Rails is the Olo solution that allows restaurants to publish menus, prices, and location information on participating third-party marketplaces. So now orders placed by guests on Grubhub’s app or website will be injected directly into the order stream. It’s essentially a way to kick the multiple digital ordering tablets found in some kitchens today.
“This new partnership with Grubhub means that although customers can now utilize Olo Rails to operationalize and manage all major national digital ordering aggregators, Caviar, DoorDash, Grubhub, Postmates, Seamless, and Uber Eats in addition to the regional and local aggregators that are meaningful to operators in specific geographies,” Glass said.
Additionally, Olo completed development of the mobile app version of Serve, a white-label branded ordering experience. Brands are now able to offer feature parity with the Serve web experience and offer an app version of their digital presence without the need for large custom mobile app budgets, the company said.

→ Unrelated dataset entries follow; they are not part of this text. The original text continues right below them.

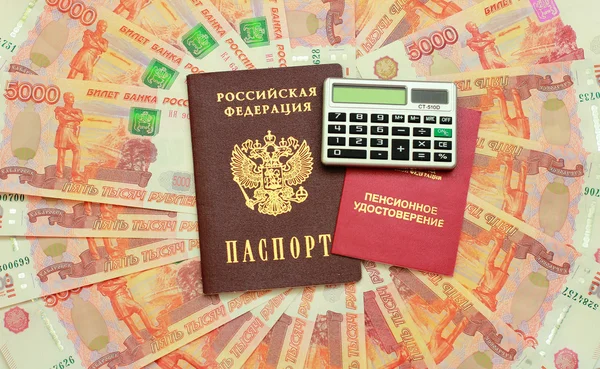 Emeklilik belgesi, pasaport ve arka plan o hesap makinesi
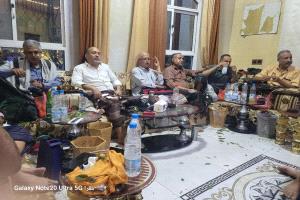 أمسية سياسية ساخنة في منتدى الشهيد القاضي عاطف بعدن بحضور نائب وزير الصناعة والنائب خالد شائف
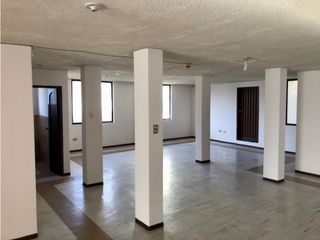 Unión Nacional , Bodega en renta, 220 m2, 2 ambientes, 3 baños, 1 parqueadero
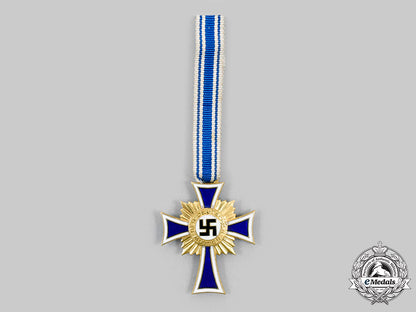 germany,_third_reich._an_honour_cross_of_the_german_mother,_gold_grade_with_case,_by_wilhelm_deumer_c20511_mnc4828
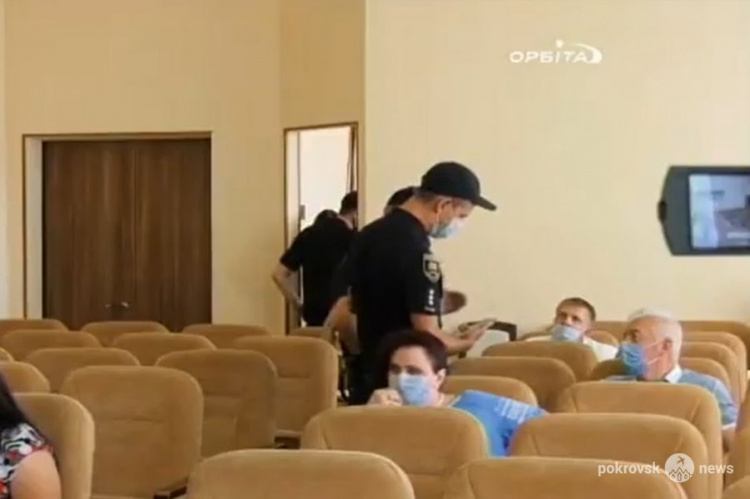Полиция ищет возможных носителей COVID-19 среди собравшихся на сессию Покровского горсовета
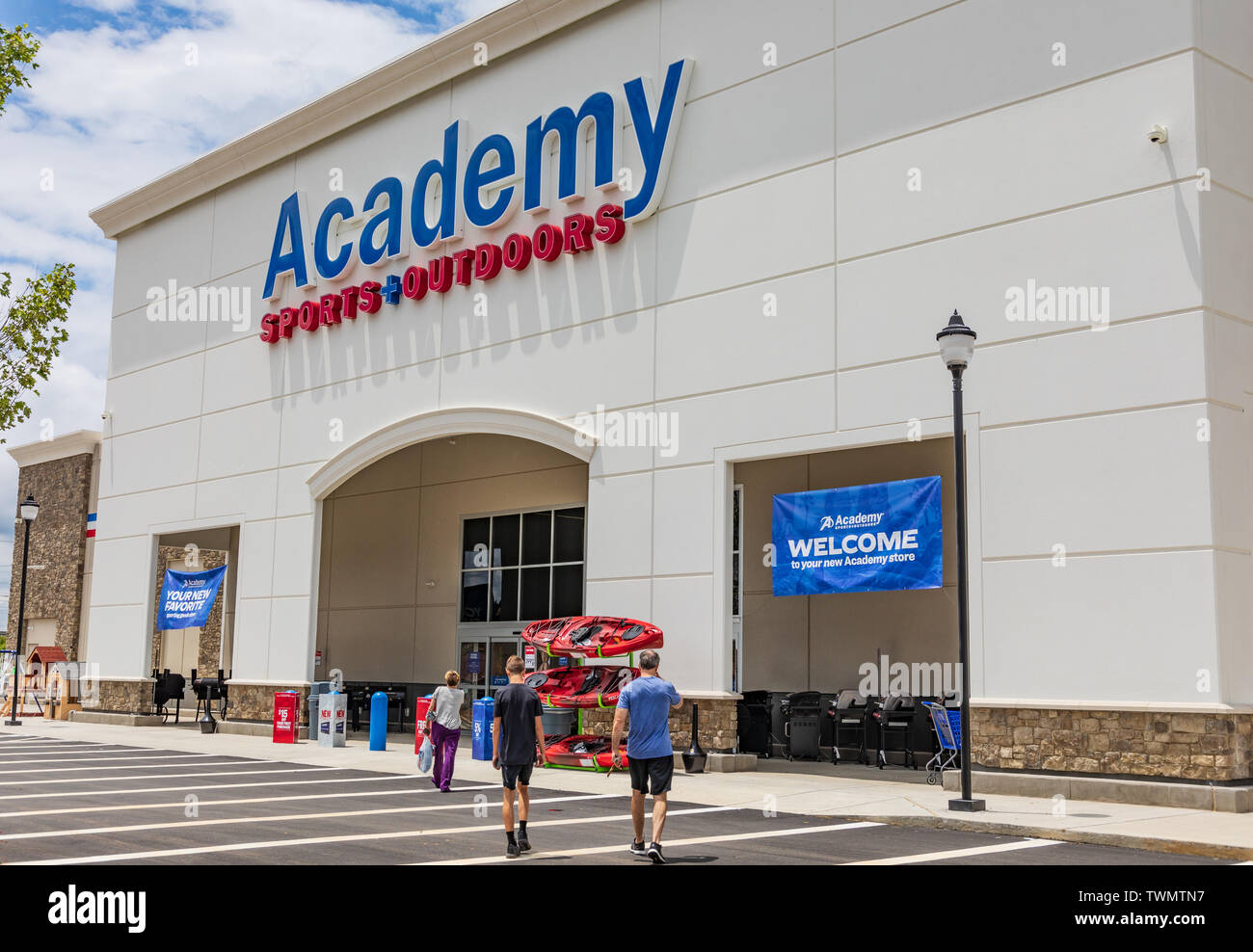 Academy sports store hi-res stock photography and images - Alamy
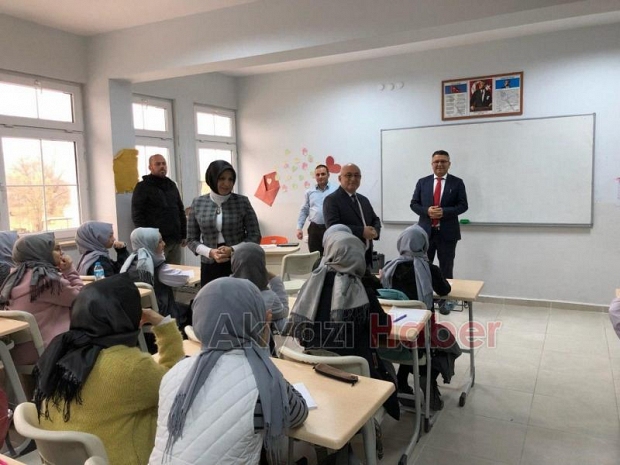 Akyazıda TIMSS sınavı yapıldı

Overall, the story unfolding at Olo is that of the customer progressing through COVID stages. As dining rooms began to reopen in Q2, digital sales proved durable. What this demonstrates, Glass said, is the industry’s digital transformation is not just about delivery—but all ordering modes and across all service models: delivery, drive-thru, table service, and takeout.
Olo continues to serve this evolution in different forms. As Potbelly did, Papa Murphy’s, Brinker International and Bloomin’ Brands replatformed to Olo in the past because “leading restaurant brands can no longer simply check the box and have just any digital ordering solution,” Glass said.
It’s Olo’s belief SaaS wins over homegrown and closed proprietary software (Olo’s open partner ecosystem features some 100 restaurant tech partners).
Glass said Olo is working to address the issue concerning delivery driver availability as well. “Although Dispatch, our delivery as a service solution, provides a nationwide network of more than two dozen delivery service providers, or DSPs, covering 97 percent of our customers’ U.S. store locations, Dispatch’s ability to provide redundancy and increased driver availability is highly differentiated and create substantial value for our customers,” he said.
And it’s also going after major enterprise brands, such as Jack in the Box and Subway (which is using Rails), with one product module introductions. Glass said initiating the customer relationship helps Olo showcase broader options later on. “I think what’s exciting is we view that as an opportunity or a way in which we can service the [quick-service restaurant] segment, which is a great growth opportunity for Olo. But also, what that presents is an opportunity for additional upsells,” Glass said.